Statutes of limitation set maximum time periods. As a statute of limitations, section 473.083.1 dictates the maximum time an interested party has to contest the validity of a will. The function of the statute is to bar will contest petitions that are filed beyond the specified time limitations. Since, by definition, statutes of limitation do not restrict how early a party may file, the fact that Kleim filed the petition before the period specified in section 473.083.1 does not render her claim invalid. Like all statutes of limitation, section 473.083.1 creates a termination point after which a claim cannot be brought.

Because Kleim filed her will contest petition before the statute of limitations had expired, her petition was not time-barred. Rather than dismissing her suit, the circuit court should have held the prematurely-filed petition for consideration until after the probate division admitted the will to probate.

Failure to Serve Other Parties

Sansone contends that this Court should affirm the trial court's dismissal of the will contest action because Kleim failed to serve the others named in the will Mike Orville, Lorayne Pletting and the public library in Richwood.

Sansone raises this issue for the first time on appeal. A party on appeal generally "must stand or fall" by the theory on which he tried and submitted his case in the court below. Walker v. Owen, 79 Mo. 563, 568 (Mo.1883). Sansone argues that this general rule does not apply because notice is a "jurisdictional requirement." Sansone is incorrect. Kleim's alleged noncompliance with the notice requirements 603*603 of these statutes as they relate to third parties is not a question of jurisdiction. It is a statutory argument based upon the question of whether Kleim complied with sections 473.083.6 and 472.300. Under the general rule that points raised for the first time on appeal are not preserved for review, this Court will not evaluate the issue of Kleim's compliance with the statutory requirements of notice to all devisees. Artman v. State Bd. of Registration for Healing Arts, 918 S.W.2d 247, 252 (Mo. banc 1996). As such, this newly raised issue cannot serve as grounds for affirming the trial court's dismissal.

Nevertheless, the recognition that a petition may be prematurely filed raises the issue of who should be served and when. Since this Court has held that the filing of the petition becomes effective when the challenged will is admitted to probate, it follows that the parties that must be served under section 473.083 are not known until the will is admitted to probate. When the petition is prematurely filed, the requirement that service upon the defendant parties be secured and completed within 90 days after the petition is filed is not triggered until the challenged will is admitted to probate. As noted by Sansone, the failure to secure and complete service of process upon all parties defendant shall result in the dismissal of the petition, unless there is good cause shown. Section 473.083.

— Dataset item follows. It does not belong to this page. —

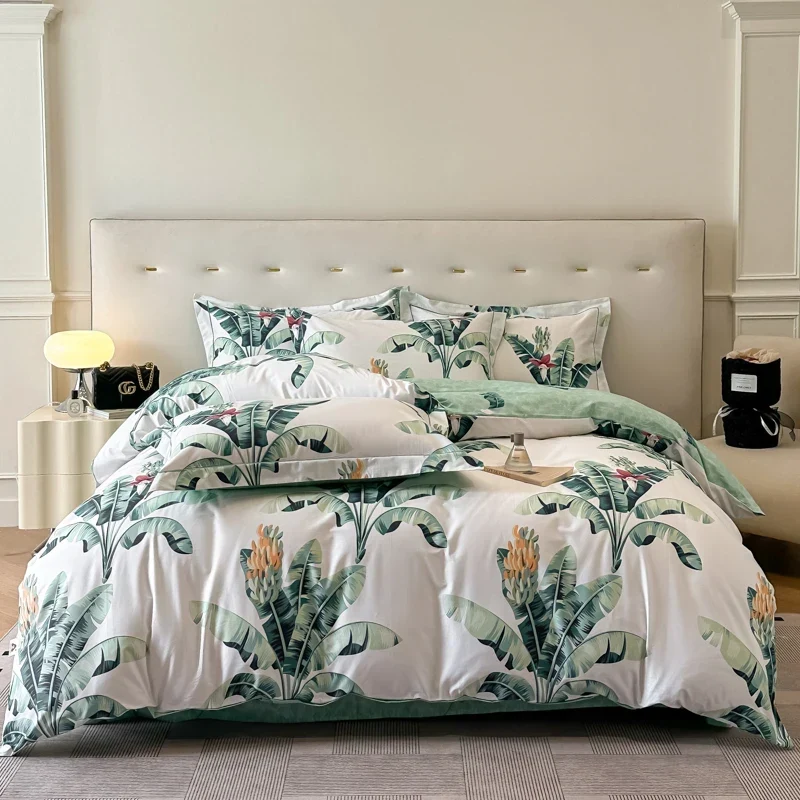 Egyptian Cotton Bettwäsche 3-teilig – Blumenmuster mit 2 Kissenbezügen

In this case, the trial court's dismissal was for lack of "subject matter jurisdiction." The trial court's ruling of lack of subject matter jurisdiction and the uncertainty in the law constitute good cause for Kleim's failure to serve Mike Orville, Lorayne Pletting and the public library in Richwood, and Kleim shall be permitted to obtain service on remand. This Court, in reversing, establishes that Kleim's petition will be deemed to be effectively filed when the mandate of this Court issues. Service deadlines in section 473.083 will begin to run in this case when the petition becomes effective.


The judgment of the trial court is reversed, and the case is remanded.

All concur.

[1] All statutory references are to RSMo 2000.